Task directions:
Return all the lines below in which the string "with" appears.
═══ Extracted data ═══
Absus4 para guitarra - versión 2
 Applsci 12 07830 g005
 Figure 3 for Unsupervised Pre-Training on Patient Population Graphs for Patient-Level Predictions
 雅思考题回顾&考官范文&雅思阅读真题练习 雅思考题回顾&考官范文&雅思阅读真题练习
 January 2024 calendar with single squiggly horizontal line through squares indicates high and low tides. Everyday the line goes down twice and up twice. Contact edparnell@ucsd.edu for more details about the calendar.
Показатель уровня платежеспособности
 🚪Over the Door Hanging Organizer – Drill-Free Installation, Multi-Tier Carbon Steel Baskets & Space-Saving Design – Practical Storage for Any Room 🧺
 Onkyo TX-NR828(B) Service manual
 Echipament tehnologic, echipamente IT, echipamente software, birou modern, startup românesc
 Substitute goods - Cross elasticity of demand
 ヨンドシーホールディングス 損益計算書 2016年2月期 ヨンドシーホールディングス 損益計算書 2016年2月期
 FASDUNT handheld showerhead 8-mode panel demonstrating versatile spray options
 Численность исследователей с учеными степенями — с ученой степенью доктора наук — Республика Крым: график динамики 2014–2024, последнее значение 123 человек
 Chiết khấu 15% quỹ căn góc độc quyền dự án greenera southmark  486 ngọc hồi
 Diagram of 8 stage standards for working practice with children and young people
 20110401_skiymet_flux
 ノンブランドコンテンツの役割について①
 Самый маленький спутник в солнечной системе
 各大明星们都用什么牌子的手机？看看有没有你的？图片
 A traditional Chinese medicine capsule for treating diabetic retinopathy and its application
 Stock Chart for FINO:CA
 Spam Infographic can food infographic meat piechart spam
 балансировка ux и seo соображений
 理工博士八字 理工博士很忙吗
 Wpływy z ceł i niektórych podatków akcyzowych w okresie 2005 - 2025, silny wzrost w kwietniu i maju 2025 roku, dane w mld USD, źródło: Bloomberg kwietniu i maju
═══
Exercise response:
 January 2024 calendar with single squiggly horizontal line through squares indicates high and low tides. Everyday the line goes down twice and up twice. Contact edparnell@ucsd.edu for more details about the calendar.
 Diagram of 8 stage standards for working practice with children and young people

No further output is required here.